Adriana Barrera of Barrera & Asociados (BARLAW) summarizes the Peruvian Patent Office’s report on its patent and design adjudication work in the past five years

The Peruvian Patent Office (PPO) recently published a report on the patent and design cases it dealt with in the past few years. The Office said that the purpose of the report was to ‘disseminate the achievements of the Commission, with the expectation that they contribute to consolidating an optimum environment for the generation of new investments in Peru’.

The PPO comprises the Directorate, which handles applications for industrial property rights such as patents and designs, and the Commission, which deals with first instance administrative disputes concerning those rights.

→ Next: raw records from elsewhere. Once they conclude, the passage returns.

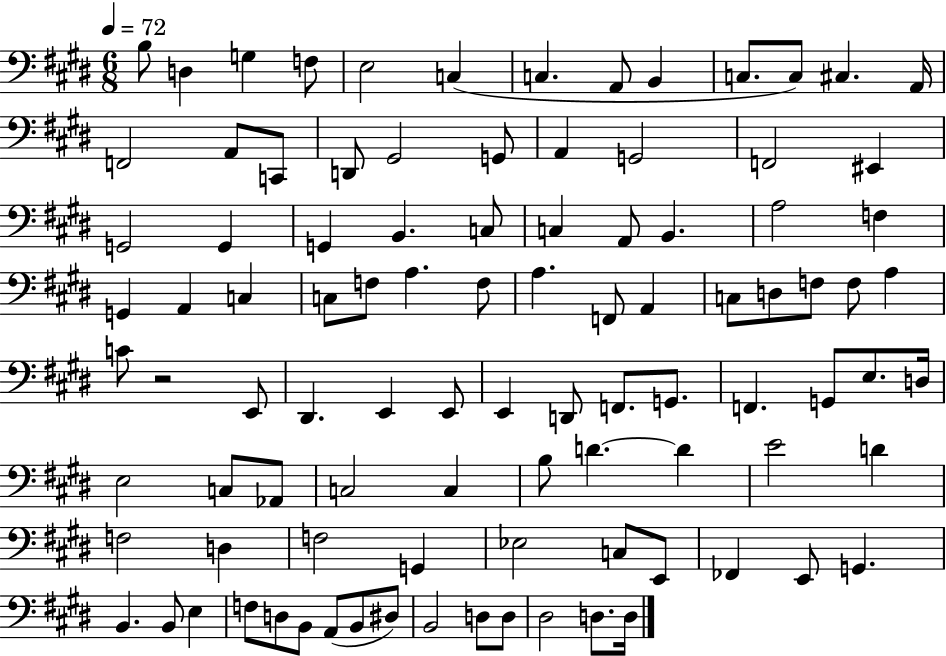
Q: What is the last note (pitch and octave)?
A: D3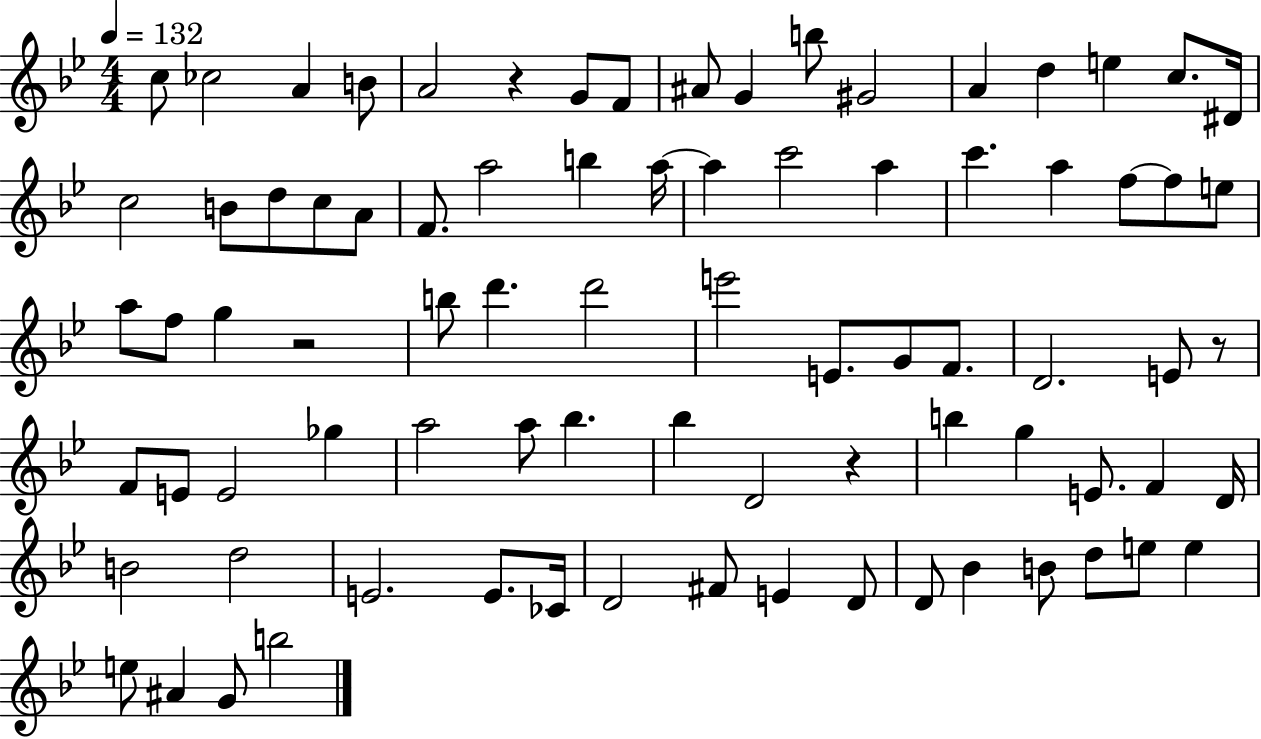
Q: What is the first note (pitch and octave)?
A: C5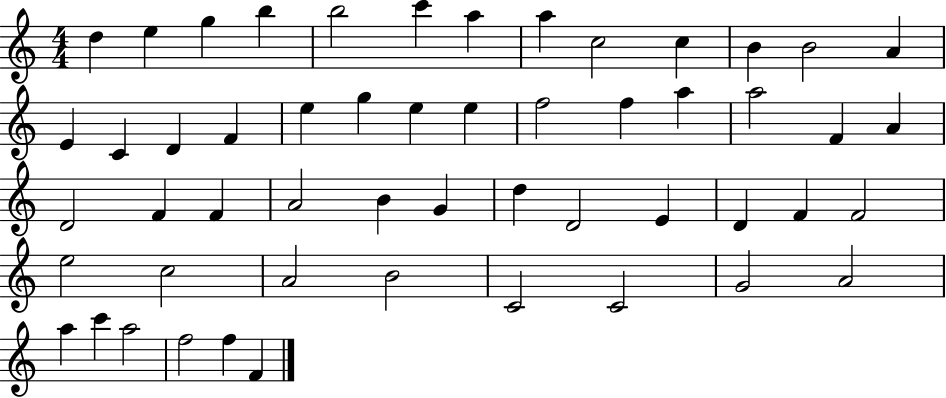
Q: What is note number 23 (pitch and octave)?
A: F5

The objectives and statistics

The report noted that the two important objectives for the PPO were to ensure: (a) its decisions are supported by quality technical reasoning; and (b) speed in resolving patent and design disputes, positioning Peru as one of the countries in the region where one can obtain swift decisions.

Between 2014 and 2018, according to the report, the PPO received 34 ex-parte complaints concerning designs, 14 ex-parte complaints for utility models, and 12 ex-parte complaints related to patents. This means that 56% of the disputes handled by the PPO in the last five years were on industrial designs. Notably, nine of the design cases related to designs in the electricity sector and the rest were in different sectors.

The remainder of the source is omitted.